ABOUT THIS TASK
Nothing but the lines from the one containing "14118 Whitney Cir, Broomfield, CO" through the last line of the data below should be returned, each exactly as it stands, pictures excluded.

DATA FOR THE TASK
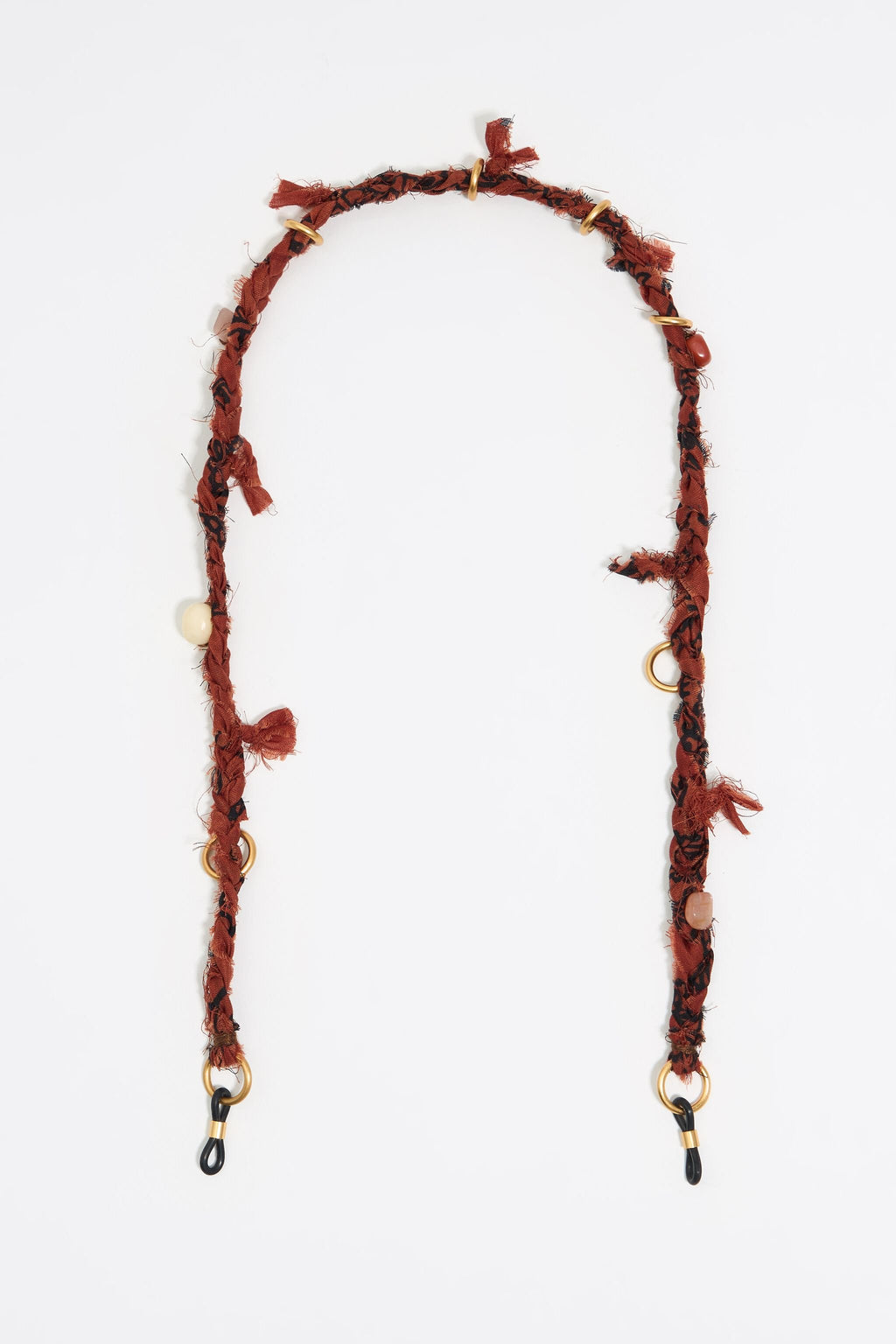 Brown paisley fabric knot glasses chain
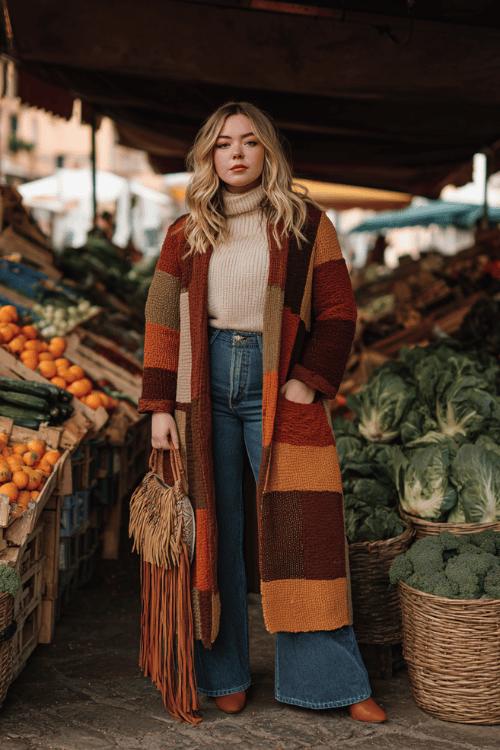 a plus-size woman in a long patchwork boho coat in warm browns and terracotta over a simple cream ribbed turtleneck and flared jeans, fringe bag on her arm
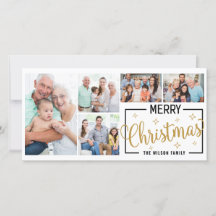 Familie 7 Foto Collage White Gold Frohe Weihnachte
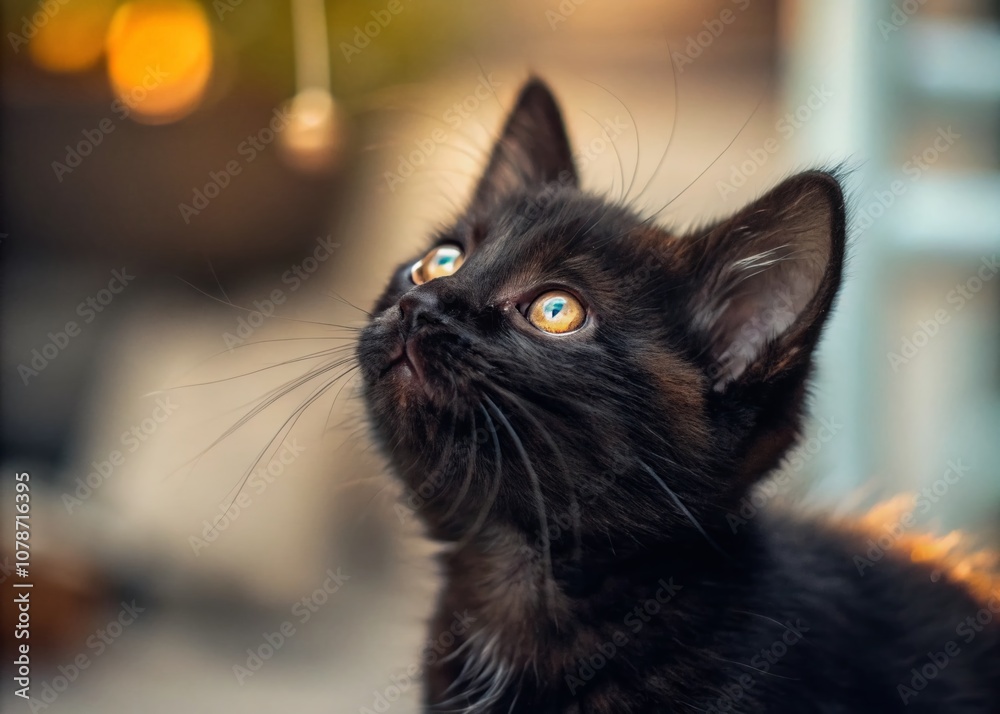 Captivating Macro Shot of a Black Kitten Gazing Upward with Glimmering Eyes in a Soft Focus Background, Emphasizing Its Curiosity and Playful Nature in a Cozy Setting Captivating Macro Shot of a Black Kitten Gazing Upward with Glimmering Eyes in a Soft Focus Background, Emphasizing Its Curiosity and Playful Nature in a Cozy Setting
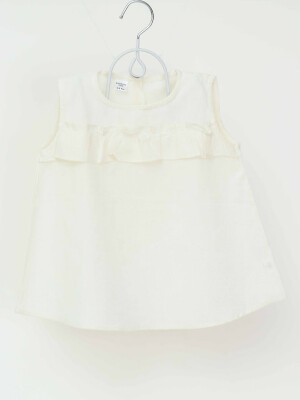 Girls' 100% cotton white umbrella top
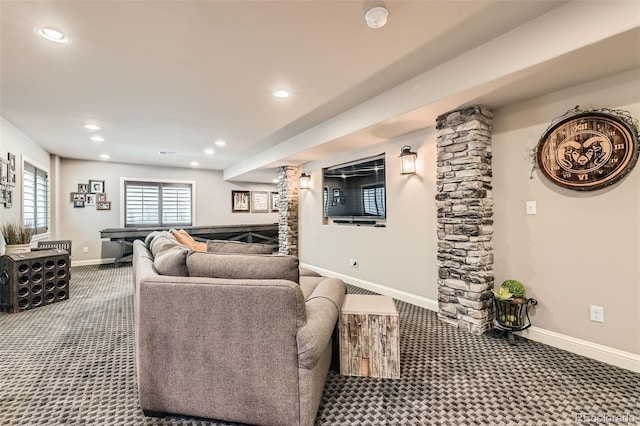 14118 Whitney Cir, Broomfield, CO 80023 - living room featuring recessed lighting, carpet flooring, and ornate columns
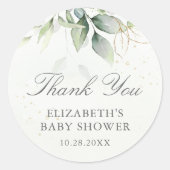 Eucalyptus Greenery Leaves Baby shower Dank u Ronde Sticker (Voorkant)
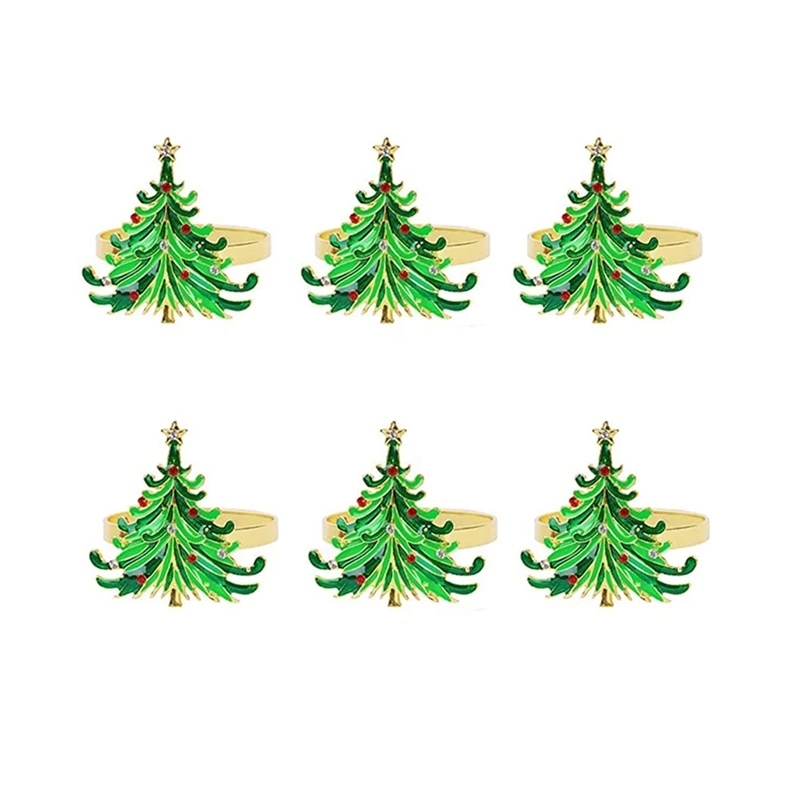 

6Pcs Green Chirstmas Tree Napkin Rings,Golden Rings Designed With Red And White Diamond For Christmas Dinning Table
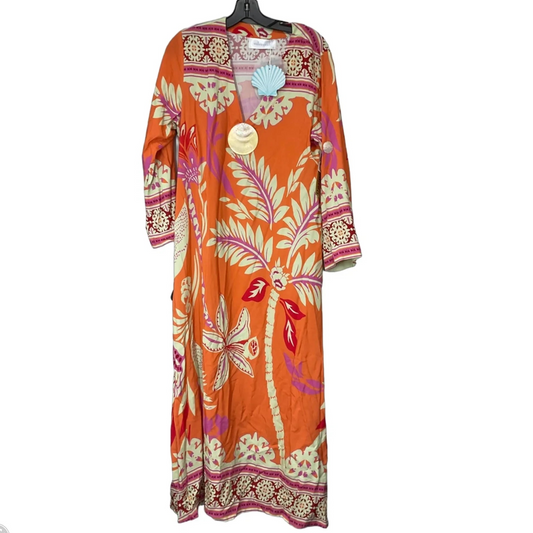 Dress Casual Maxi By Cma In Orange & Pink, Size: L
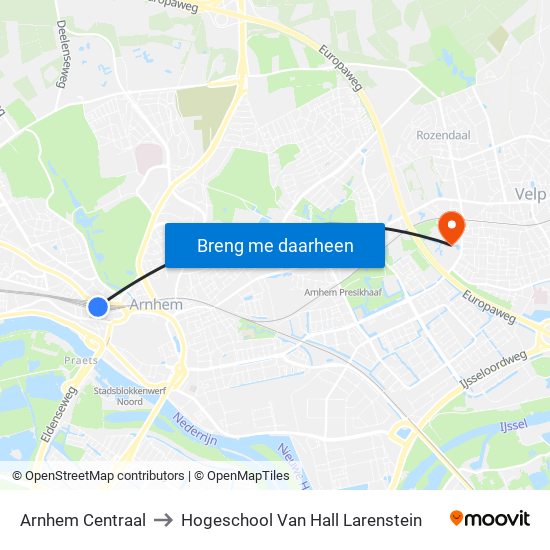Arnhem Centraal to Hogeschool Van Hall Larenstein map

RESPONSE
 14118 Whitney Cir, Broomfield, CO 80023 - living room featuring recessed lighting, carpet flooring, and ornate columns
 Eucalyptus Greenery Leaves Baby shower Dank u Ronde Sticker (Voorkant)

6Pcs Green Chirstmas Tree Napkin Rings,Golden Rings Designed With Red And White Diamond For Christmas Dinning Table
 Dress Casual Maxi By Cma In Orange & Pink, Size: L
Arnhem Centraal to Hogeschool Van Hall Larenstein map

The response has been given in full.